Dune by Frank Herbert
Can a person overcome the weaker elements of their own personality? Is it possible to overcome great odds and retain the basic elements of humanity? These are questions that I faced throughout my life as I tried to face difficult situations. In some situations I failed and those failures led to major problems in my life. Yet, I believe that even with our faults our struggles can become like a refining fire, and it is in this struggle we can often find out who we really are.
I recently became a fan of Joss Wheadon's Firefly series after seeing the movie Serenity. In one episode called War Stories, there is a discussion about a fake Chinese ruler named Shan Yu. In this discussion Shan Yu was purported to be a warrior poet who wrote volumes about torture and the limits of human endurance. A saying of Shan Yu was quoted as the following.
“Live with a man 40 years. Share his house and meals speak on every subject. Then tie him up and hold him over the volcano’s edge and on that day you will finally meet the man.”
Some of us are defined by the tragedies of our lives. The hurt, the pain, and the loss shapes us and molds us in ways that are often hard to define. We sometimes don't even recognize these things within ourselves unless we spend time in reflection on who we are and who we are becoming. When we are not focused on the mirrors of our lives it often becomes hard to see the person within us, and we may become prone to ignore the realities that exist within us.

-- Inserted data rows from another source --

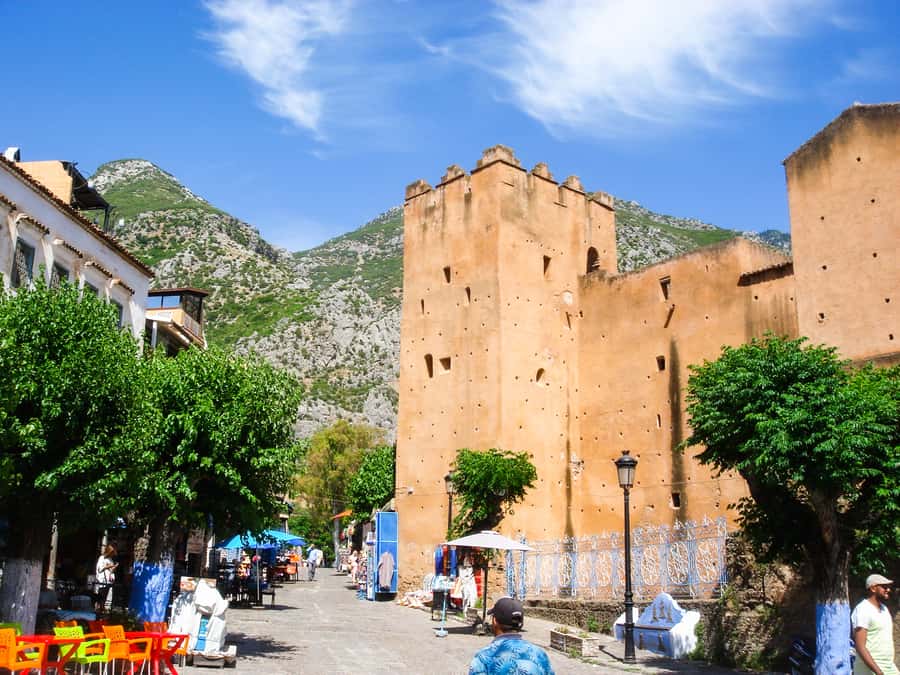 From Málaga: Morocco Day Trip with Tour Guide and Lunch - Why this day trip works from Málaga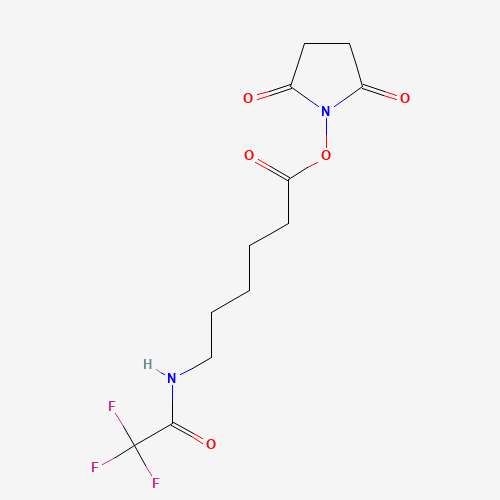 FT-0675498 CAS:117032-51-6 chemical structure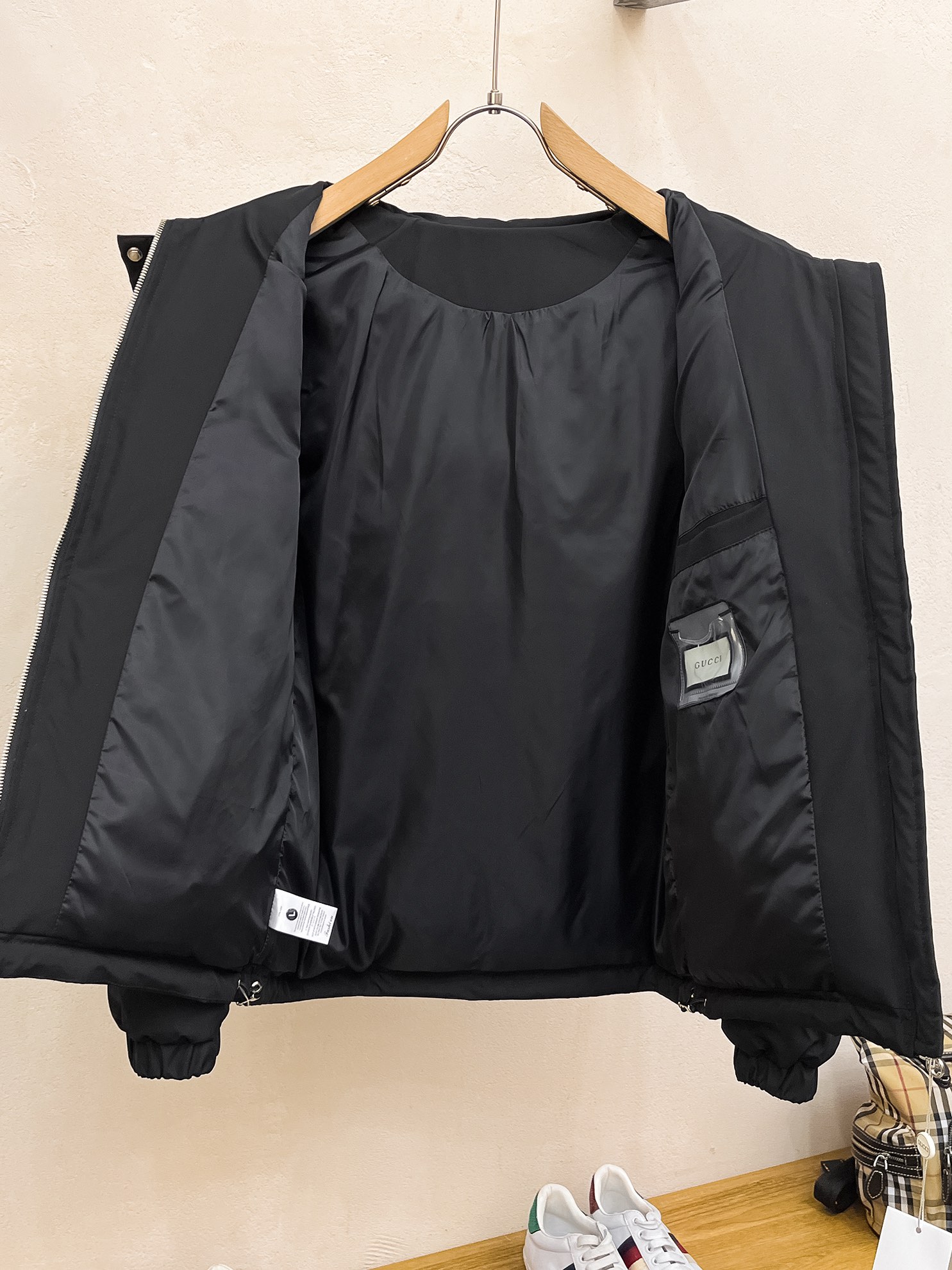 down jacket Man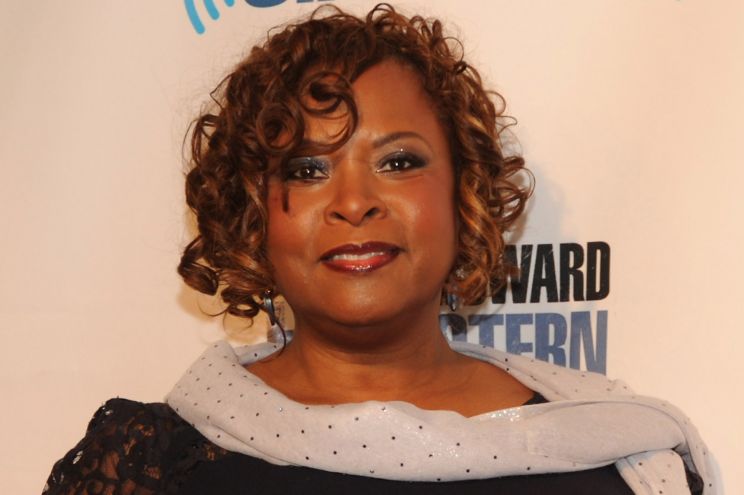 Robin Quivers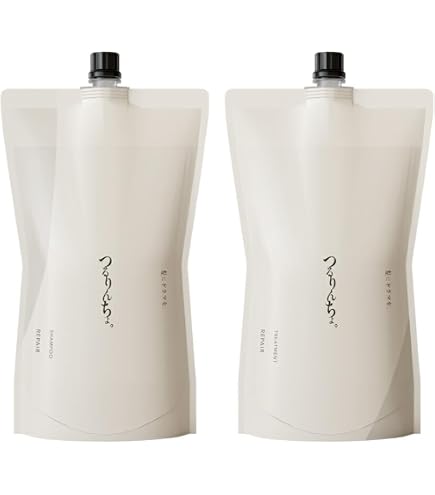 つるりんちょ シャンプー 詰替 レフィル 1000g 新品未使用 Amazon | 【購入特典付】まとめ買い つるりんちょ シャンプー 1000ml
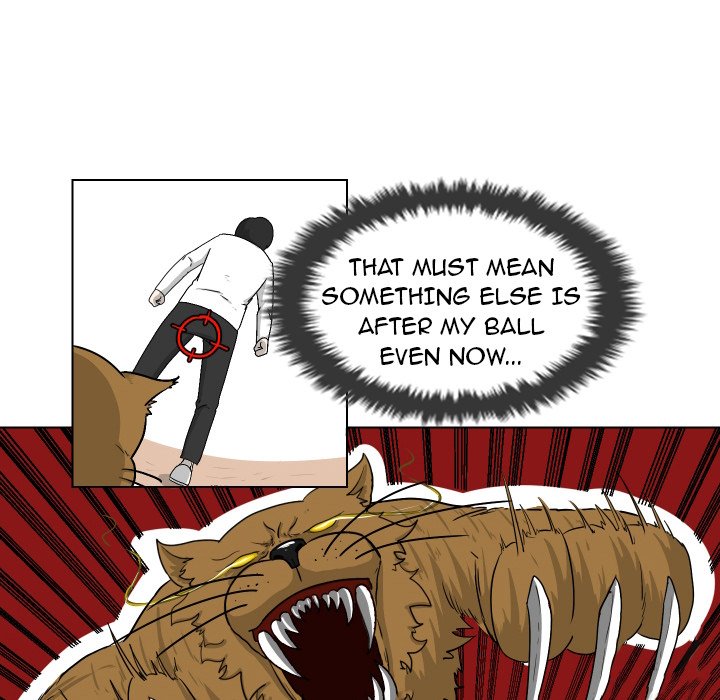 The Ball Boy - episode 3 - 17
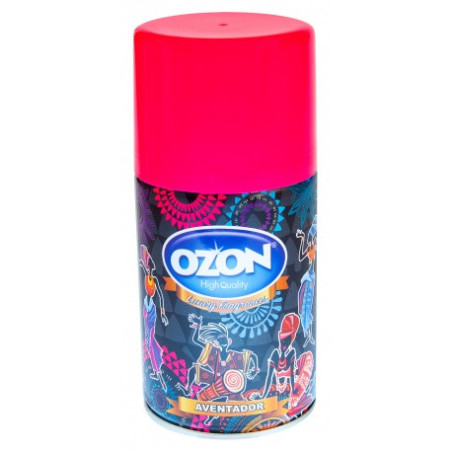 Lufterfrischer Nachfüllung – 260 ml – Aventadol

It is important for people to understand that we can either be a victim of the past, or we can be someone who says, "I have been victimized, but I am no longer a victim. I can fight back, I can be motivated, and I can overcome the hurdles that are currently before me." Through change, pain, and adversity we often learn who we really are. If a tragedy happens, what is my reaction? Do I loose faith, in what I believed? Do I cringe in terror? Do I become lost to the realm of logic and not know where I am going? Do I face the reality seeking a path that will help me deal with that reality?
Sometimes in order to know that we are not truly facing our problems in life, we need to feel lost and alone. We need to face failure in order to realize that something is missing and that we may not be seeing the bigger picture. This is why it is important to stop and seek, or be willing to listen to wisdom in order to regain our balence. The other option is to live a life based on chance, and to be blown one way or another by the winds of life. Never knowing where we are going next, never fully becoming who we were created to be.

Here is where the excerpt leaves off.